- _WORK TO BE COMPLETED_
Would you reproduce each of the records below precisely, with the pictures left out?

==*==

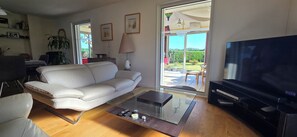 A living room with a white sofa, a glass coffee table, a TV, and a large window with a view of the outdoors. - Beautiful, Spacious Single-Story House with a Large Enclosed Garden in Trégunc (Trégunc)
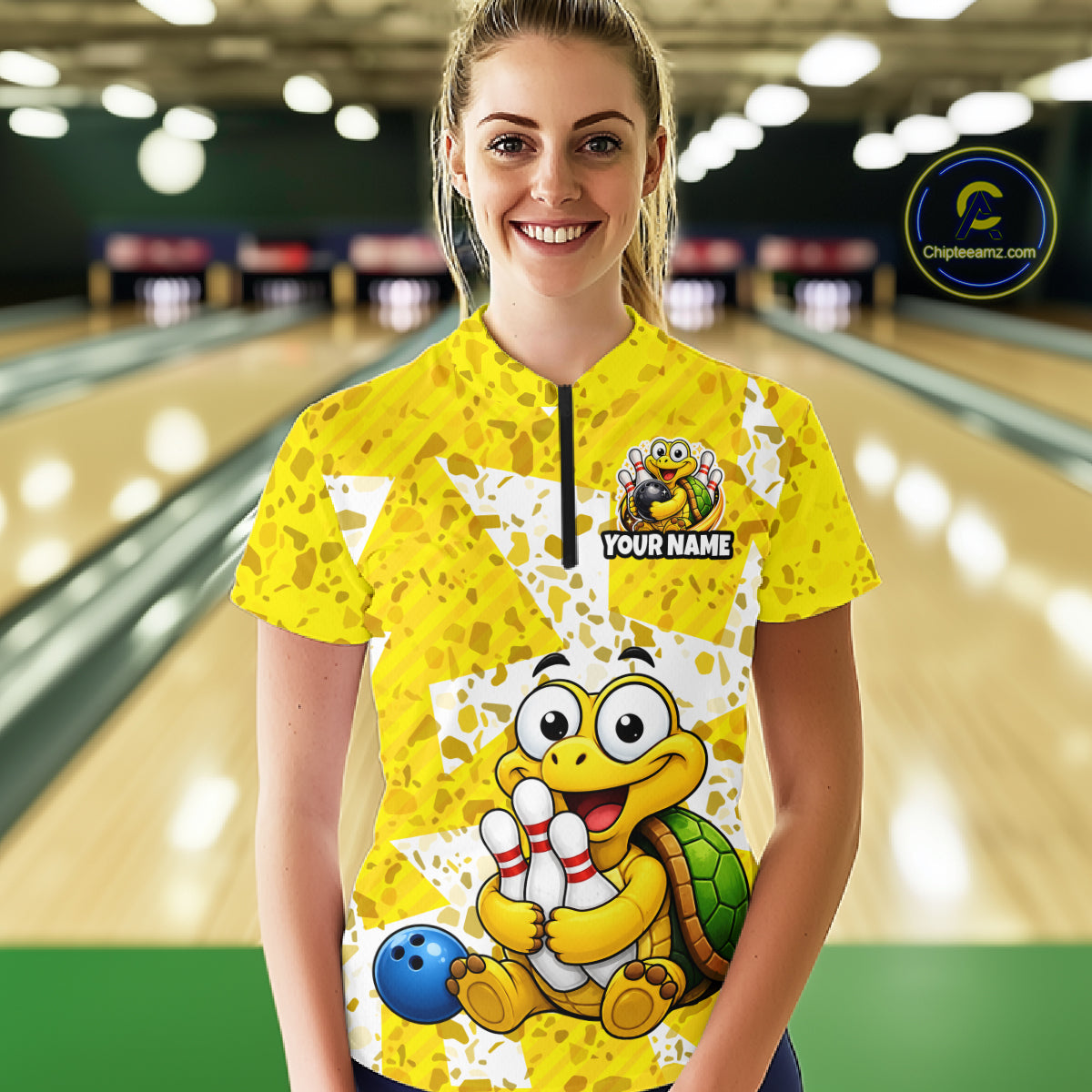 Woman wearing a yellow bowling jersey with cartoon turtle design in a bowling alley.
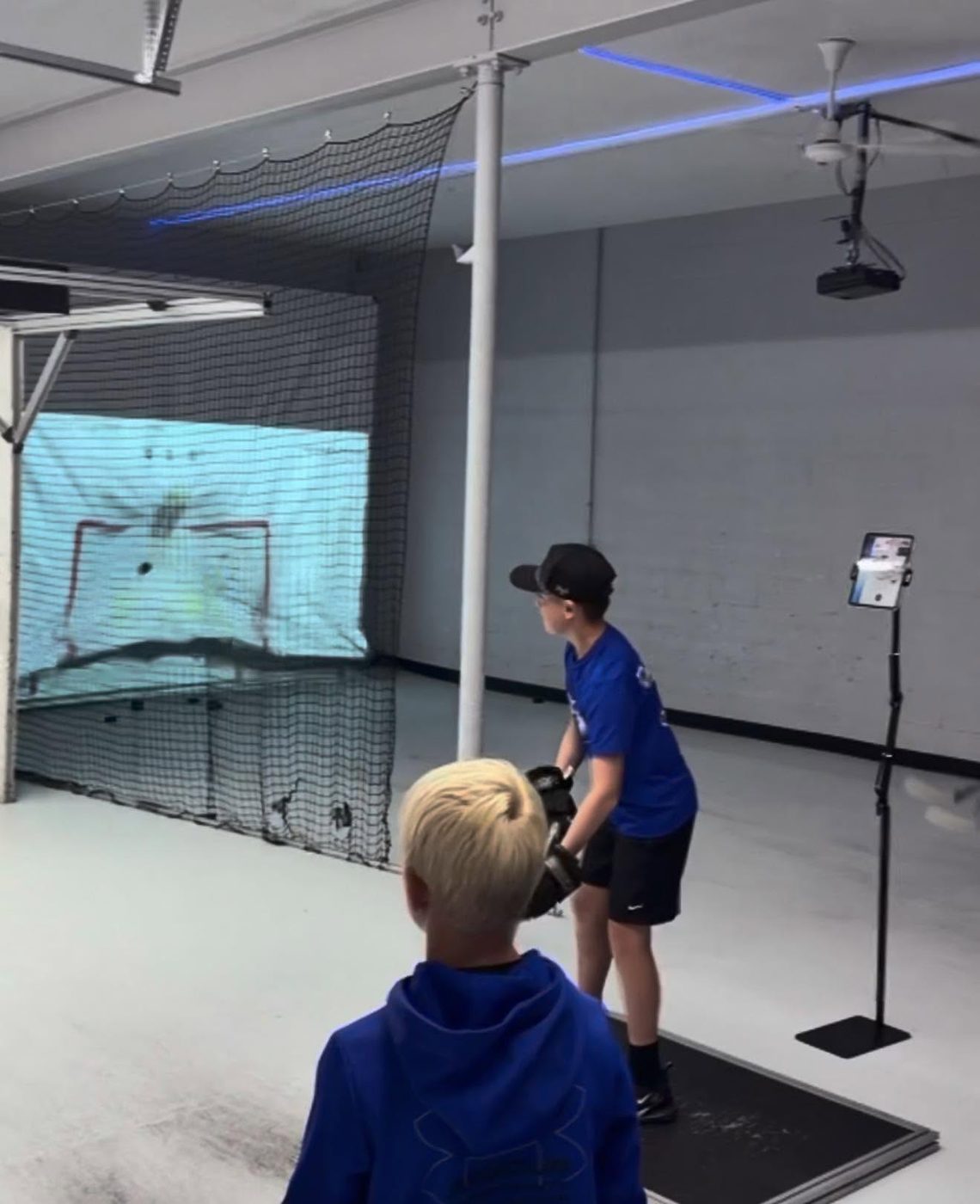 Player at the shooting simulator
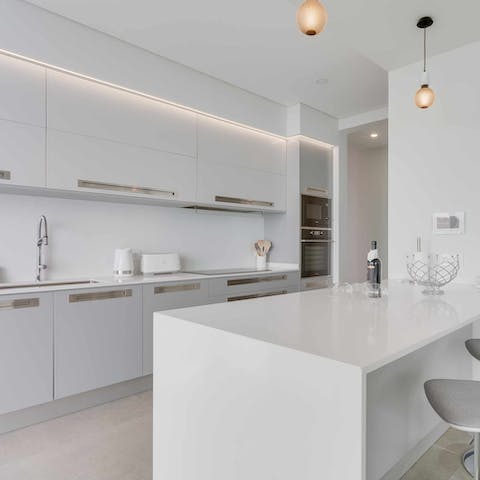 Cook up a storm in the sleek, white kitchen for a quiet day at the villa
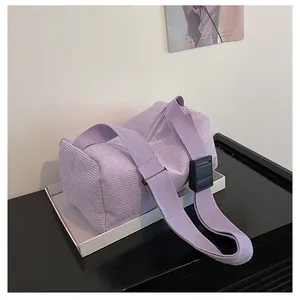 Detail of light purple corduroy texture and wide strap on minimalist cylinder bag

==*==

- _SOLUTION FOR THIS TASK_
 A living room with a white sofa, a glass coffee table, a TV, and a large window with a view of the outdoors. - Beautiful, Spacious Single-Story House with a Large Enclosed Garden in Trégunc (Trégunc)
 Woman wearing a yellow bowling jersey with cartoon turtle design in a bowling alley.
 Player at the shooting simulator
 Cook up a storm in the sleek, white kitchen for a quiet day at the villa
 Detail of light purple corduroy texture and wide strap on minimalist cylinder bag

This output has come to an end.